Entries supplied section start
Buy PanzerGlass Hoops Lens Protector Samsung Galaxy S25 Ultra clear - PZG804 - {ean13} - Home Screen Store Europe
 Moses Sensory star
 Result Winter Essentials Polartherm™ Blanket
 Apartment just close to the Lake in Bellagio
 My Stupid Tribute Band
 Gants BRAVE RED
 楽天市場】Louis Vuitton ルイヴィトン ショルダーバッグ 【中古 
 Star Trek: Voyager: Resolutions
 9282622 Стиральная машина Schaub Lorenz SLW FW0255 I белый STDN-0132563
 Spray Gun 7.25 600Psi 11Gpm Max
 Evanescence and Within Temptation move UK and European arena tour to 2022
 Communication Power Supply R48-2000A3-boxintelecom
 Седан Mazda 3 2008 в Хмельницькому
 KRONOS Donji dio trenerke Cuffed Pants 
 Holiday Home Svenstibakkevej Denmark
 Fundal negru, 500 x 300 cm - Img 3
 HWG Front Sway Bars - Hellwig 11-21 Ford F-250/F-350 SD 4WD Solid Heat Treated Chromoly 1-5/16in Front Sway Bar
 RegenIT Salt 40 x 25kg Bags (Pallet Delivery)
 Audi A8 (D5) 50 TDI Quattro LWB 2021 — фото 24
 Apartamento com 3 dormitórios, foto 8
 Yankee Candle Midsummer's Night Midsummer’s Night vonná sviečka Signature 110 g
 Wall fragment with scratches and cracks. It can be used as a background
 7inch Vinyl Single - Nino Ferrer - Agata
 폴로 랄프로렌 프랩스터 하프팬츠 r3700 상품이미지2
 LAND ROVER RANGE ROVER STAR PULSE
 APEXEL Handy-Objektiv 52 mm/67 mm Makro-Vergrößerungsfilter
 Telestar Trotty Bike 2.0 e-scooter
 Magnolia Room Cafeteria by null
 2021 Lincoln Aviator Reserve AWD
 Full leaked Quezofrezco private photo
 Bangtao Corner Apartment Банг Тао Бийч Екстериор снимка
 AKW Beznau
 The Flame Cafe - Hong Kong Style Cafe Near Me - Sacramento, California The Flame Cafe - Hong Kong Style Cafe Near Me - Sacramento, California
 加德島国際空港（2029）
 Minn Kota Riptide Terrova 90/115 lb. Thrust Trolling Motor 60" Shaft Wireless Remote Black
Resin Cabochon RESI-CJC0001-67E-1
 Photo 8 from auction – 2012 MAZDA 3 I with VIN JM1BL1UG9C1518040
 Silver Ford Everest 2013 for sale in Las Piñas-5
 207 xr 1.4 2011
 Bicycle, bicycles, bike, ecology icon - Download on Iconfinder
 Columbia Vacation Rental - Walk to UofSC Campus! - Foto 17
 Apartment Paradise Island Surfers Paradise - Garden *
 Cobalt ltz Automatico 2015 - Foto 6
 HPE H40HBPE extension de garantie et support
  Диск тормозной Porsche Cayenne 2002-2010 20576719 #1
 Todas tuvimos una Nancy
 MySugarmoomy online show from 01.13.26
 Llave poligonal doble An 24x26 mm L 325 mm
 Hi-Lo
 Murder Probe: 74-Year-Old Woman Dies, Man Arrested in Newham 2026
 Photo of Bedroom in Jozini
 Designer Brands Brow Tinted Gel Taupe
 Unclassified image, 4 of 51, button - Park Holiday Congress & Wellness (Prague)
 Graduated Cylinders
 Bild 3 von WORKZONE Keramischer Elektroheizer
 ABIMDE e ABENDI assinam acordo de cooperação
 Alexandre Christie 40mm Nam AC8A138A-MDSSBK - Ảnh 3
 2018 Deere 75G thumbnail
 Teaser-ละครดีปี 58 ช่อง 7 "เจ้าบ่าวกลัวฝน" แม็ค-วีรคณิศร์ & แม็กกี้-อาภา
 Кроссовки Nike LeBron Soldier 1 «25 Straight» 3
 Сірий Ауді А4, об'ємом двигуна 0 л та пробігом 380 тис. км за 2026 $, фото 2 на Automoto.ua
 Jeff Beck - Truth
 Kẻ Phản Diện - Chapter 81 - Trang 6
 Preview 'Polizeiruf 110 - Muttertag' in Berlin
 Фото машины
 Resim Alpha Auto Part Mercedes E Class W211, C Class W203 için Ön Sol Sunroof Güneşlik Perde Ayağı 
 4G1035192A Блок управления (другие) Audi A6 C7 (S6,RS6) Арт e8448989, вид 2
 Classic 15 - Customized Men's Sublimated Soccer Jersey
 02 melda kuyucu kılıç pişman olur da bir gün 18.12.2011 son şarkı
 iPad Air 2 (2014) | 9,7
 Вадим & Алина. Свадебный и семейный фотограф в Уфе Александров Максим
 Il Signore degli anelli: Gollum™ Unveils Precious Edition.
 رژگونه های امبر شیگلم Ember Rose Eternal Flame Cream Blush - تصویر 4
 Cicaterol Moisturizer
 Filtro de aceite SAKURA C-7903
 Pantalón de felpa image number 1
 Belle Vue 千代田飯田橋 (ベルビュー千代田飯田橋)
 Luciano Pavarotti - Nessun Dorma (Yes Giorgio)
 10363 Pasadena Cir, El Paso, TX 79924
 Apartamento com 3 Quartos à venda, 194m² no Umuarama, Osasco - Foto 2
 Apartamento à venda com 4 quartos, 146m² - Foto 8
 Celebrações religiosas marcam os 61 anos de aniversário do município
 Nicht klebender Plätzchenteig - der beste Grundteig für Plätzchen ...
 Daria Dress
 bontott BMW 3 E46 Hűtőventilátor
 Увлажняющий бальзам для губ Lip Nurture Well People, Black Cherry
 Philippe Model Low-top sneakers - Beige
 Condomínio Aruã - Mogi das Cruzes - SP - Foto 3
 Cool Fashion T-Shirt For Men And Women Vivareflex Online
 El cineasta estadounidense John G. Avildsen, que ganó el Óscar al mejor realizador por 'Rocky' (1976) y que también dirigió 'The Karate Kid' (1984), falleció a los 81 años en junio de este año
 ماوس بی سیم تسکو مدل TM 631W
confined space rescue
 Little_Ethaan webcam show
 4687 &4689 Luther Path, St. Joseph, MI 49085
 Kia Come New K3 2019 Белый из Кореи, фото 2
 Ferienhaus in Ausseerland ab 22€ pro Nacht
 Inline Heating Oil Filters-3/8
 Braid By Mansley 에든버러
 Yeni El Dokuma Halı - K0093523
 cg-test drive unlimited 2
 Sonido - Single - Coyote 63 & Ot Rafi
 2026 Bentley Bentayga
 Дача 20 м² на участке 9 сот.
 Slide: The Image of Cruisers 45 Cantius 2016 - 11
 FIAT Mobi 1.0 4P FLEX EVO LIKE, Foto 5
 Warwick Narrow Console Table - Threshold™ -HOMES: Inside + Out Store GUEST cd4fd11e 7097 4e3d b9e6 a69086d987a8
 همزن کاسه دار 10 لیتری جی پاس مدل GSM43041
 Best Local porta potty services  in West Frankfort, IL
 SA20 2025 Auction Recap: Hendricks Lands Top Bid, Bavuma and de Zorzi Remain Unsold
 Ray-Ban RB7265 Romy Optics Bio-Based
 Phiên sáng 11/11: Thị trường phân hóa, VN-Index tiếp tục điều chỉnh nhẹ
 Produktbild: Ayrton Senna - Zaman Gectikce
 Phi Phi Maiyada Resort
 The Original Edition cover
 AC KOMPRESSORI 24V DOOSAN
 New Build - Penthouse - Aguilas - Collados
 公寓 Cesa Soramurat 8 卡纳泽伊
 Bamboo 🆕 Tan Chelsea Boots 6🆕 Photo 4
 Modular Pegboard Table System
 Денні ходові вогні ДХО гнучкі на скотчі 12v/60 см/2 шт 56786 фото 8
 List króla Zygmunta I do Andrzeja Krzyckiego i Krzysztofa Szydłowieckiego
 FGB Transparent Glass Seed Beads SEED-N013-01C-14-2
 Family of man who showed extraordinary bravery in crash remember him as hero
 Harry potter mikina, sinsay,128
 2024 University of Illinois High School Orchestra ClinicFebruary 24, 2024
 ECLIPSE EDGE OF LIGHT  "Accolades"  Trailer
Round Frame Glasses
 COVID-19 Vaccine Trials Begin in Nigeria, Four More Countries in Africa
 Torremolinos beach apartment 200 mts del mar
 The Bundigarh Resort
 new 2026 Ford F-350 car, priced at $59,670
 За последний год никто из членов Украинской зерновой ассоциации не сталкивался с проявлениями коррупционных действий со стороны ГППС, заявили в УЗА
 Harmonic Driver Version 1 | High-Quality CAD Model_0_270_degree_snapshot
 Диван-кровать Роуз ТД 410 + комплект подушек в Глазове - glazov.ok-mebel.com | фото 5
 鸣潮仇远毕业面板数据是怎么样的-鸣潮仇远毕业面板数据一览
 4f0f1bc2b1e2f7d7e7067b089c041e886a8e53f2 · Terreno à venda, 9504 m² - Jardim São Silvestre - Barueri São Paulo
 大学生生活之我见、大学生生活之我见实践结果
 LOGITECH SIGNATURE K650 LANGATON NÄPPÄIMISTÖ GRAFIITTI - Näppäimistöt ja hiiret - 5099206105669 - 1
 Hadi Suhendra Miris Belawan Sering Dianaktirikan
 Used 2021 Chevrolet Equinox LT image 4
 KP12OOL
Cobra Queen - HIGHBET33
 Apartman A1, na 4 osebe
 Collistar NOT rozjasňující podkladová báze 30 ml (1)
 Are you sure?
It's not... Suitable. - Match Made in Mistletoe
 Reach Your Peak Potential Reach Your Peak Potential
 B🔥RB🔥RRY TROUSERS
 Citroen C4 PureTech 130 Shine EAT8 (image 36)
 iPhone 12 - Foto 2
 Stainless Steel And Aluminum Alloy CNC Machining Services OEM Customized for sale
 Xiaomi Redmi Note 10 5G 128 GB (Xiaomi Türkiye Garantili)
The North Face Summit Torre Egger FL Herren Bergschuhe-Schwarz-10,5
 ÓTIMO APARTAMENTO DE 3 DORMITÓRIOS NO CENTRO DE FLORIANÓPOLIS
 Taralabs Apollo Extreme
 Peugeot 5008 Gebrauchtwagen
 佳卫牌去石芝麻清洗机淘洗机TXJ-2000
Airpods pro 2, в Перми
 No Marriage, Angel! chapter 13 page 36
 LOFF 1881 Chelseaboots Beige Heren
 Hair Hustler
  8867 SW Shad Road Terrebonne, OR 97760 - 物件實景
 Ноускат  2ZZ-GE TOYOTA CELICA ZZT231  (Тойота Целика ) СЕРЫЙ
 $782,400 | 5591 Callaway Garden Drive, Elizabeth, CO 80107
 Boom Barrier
Entries supplied section end
- [Exercise prompt]: Only one stretch of the data above is needed. Restate it word for word, from the line containing "Used 2021 Chevrolet Equinox LT image 4" through the line containing "Reach Your Peak Potential Reach", both ends included.

- [Written response]:
 Used 2021 Chevrolet Equinox LT image 4
 KP12OOL
Cobra Queen - HIGHBET33
 Apartman A1, na 4 osebe
 Collistar NOT rozjasňující podkladová báze 30 ml (1)
 Are you sure?
It's not... Suitable. - Match Made in Mistletoe
 Reach Your Peak Potential Reach Your Peak Potential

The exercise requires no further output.